We were glad to have a separate enclosed head
when we bought Serenade, our 30' sailboat, but the aging toilet system clearly needed some work. The hull had been manufactured with a built-in 27 gallon holding tank in the bow, but the hand pumped toilet mechanism was old and the seals were leaking.
When I opened the inspection port in the top of the holding tank, I could see that the inside was very clean and looked like it had probably never been used. At that time I had the thought that this tank could also double as an adjustable, motorized water ballast system for maintaining the longitudinal boat trim - hmm, 27 gallons x 10 lbs/gal = 270 lbs of extra weight to keep the bow down when a lot of people are in the cockpit ...
I decided to eliminate the hand pump and install an electric pumping system as I already had a fairly expensive macerator pump on hand that I had never used (cost was about $200); it chops the the solid waste into small particles as it pumps.
The toilet itself was in good shape; it is really just a bowl with a water inlet that distributes the flow of incoming flush water from around the inside rim of the bowl to keep it clean, and a larger outlet at the bottom of the bowl to remove the septic waste material.
So I hack-sawed the hand pump off the toilet, which left a protruding pipe end that was perfect for fitting a large diameter 1 1/2" evacuation hose between the toilet and the pump. It also exposed the smaller 1" inlet pipe, since the hand pump is really a double chambered device that pumps water in and extracts the waste at the same time. I removed all the old plastic piping and the seized Y valve so that I could put a new system in place, since the idea of having even the smallest leak didn't appeal to me.
This diagram shows the waste evacuation side of the system that uses the 12 volt high capacity macerator pump.
The y-valve at the toilet bowl outlet can be switched to pump out the toilet or the holding tank. The output of the macerator pump can be diverted to either the holding tank or the through hull exhaust port. The y-valves can also be configured to circulate the holding tank contents in a closed loop through the macerator pump if you want to reduce the waste material to a very fine particulate suspension, prior to pump out.

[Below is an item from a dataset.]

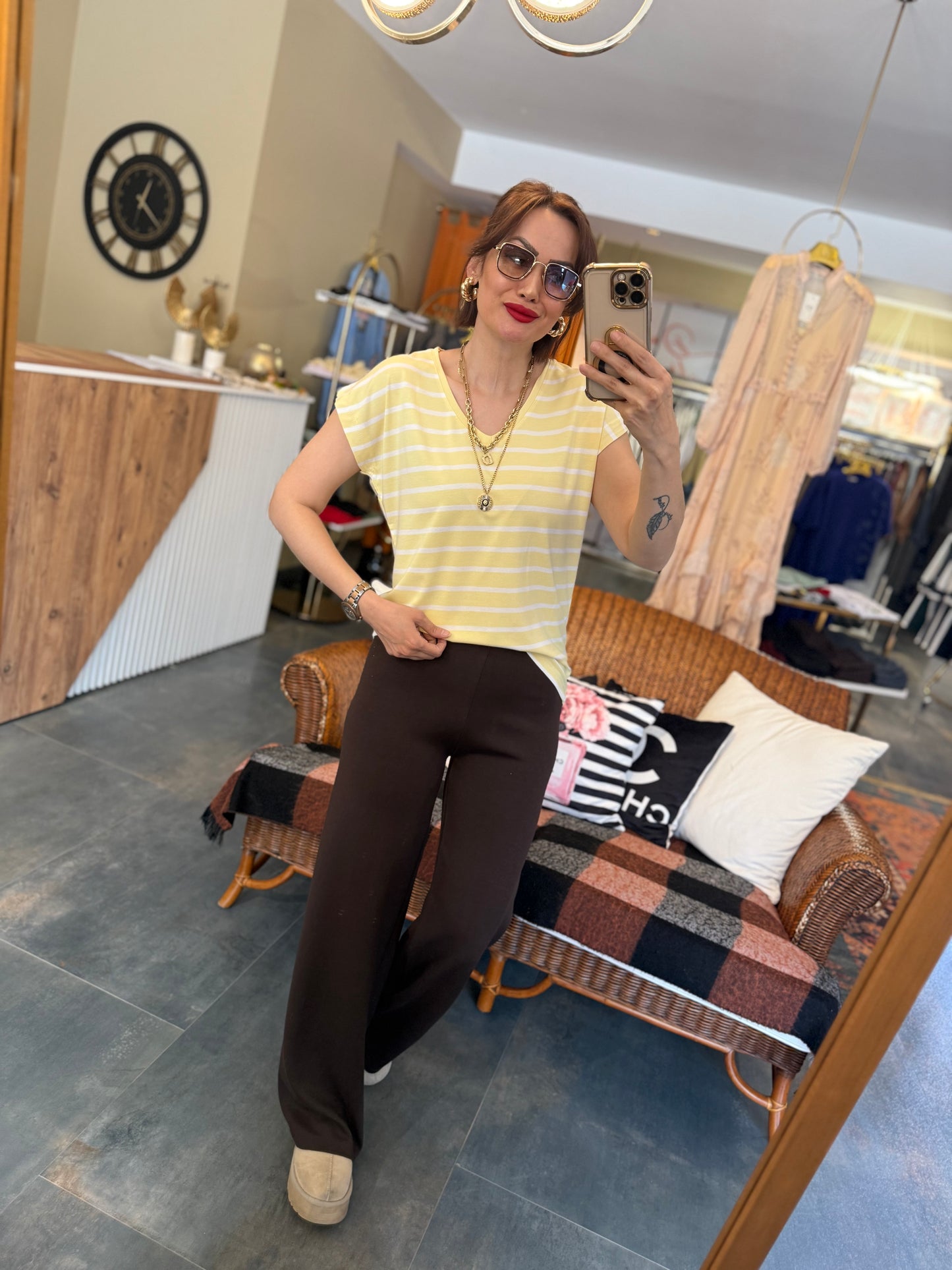 The Secret Kahve Modal Pantolon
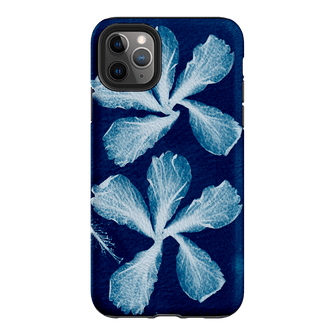 Hibiscus Cyanotype Printed Phone Cases iPhone 11 Pro Max / Armoured by Sally Hungerford - The Dairy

Note how the thru-hull line loops high above the waterline; this is a very important aspect of the system design because it prevents the sea water from siphoning back into the toilet, causing an overflow onto the floor if any additional weight or heel moves the top of the toilet bowl below the waterline. It is also extremely important to inspect your through hull fittings on a regular basis for any signs of failure. There's nothing worse than arriving at your boat to find that the cabin top is barely visible about two feet below the surface.
These diagrams were drawn with right angle bends in the tubing, but they are in reality smooth curved bends that minimize the friction losses as the liquid passes through.

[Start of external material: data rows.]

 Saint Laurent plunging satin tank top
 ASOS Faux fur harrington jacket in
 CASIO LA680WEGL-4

The holding tank can also be evacuated by a shore based pump-out system, although we never use it in this area because the city sewage just gets pumped back into the ocean in one concentrated spot. We wait until we are out in open water to evacuate our tank, but we will certainly use the harbour pump-out facility if our city fathers ever decide to establish a proper sewage waste composting system, as has been done in the city of Portland, Oregon for decades.

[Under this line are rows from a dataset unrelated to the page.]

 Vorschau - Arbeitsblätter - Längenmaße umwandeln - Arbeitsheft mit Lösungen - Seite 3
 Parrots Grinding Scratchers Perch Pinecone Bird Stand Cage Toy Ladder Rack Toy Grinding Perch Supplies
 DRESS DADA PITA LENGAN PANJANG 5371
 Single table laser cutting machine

The inlet pump draws fresh sea water from a submerged hull fitting and passes it through a y valve where it can be directed to either fill the toilet bowl or the holding tank.
I made a shower spray fitting in the top of the holding tank so that the inside walls are rinsed when the tank is filled. This allows allows me to fill the tank with water for ballast purposes, as previously mentioned.
Note how the toilet bowl inlet line loops well up over the waterline to prevent backfilling. The check valve at the top of the loop breaks any siphoning action by allowing air into the line when the pump is off. There is also a shut-off valve at the toilet, just to be absolutely sure.
The 12 volt pumps, especially the macerator, draw a fair amount of current (up to 20 amps), so I put an extra bank of deep cycle batteries close by under the V-berth to minimize current losses, and I made sure I used extra heavy gauge wire. All my heavy draw appliances (stereo, subwoofer amp, fireplace fan, refrigerator, anchor winch) are at that end of the boat, so it made a lot of sense to add this extra battery capacity up forward.
There are 2 momentary contact push button switches in the bathroom; one to fill the bowl, and one to flush it. I also installed a sealed Plexiglas inspection window on the top of the holding tank and concealed bypass switches on the pumps that can remain on as I monitor the filling and draining cycles of the tank. Later, I will install non-intrusive FET sensors that will be tied into our Navitrol
system to monitor tank levels.
The system works well, although I may later add an extra, different pump to evacuate the toilet because the macerator pump sounds like the wail of the banshee at 6 am, and is quite loud. When our cockpit is loaded with friends and family, I'm finding that filling the holding tank for ballast puposes definitely allows us to sail closer into the wind when close hauled.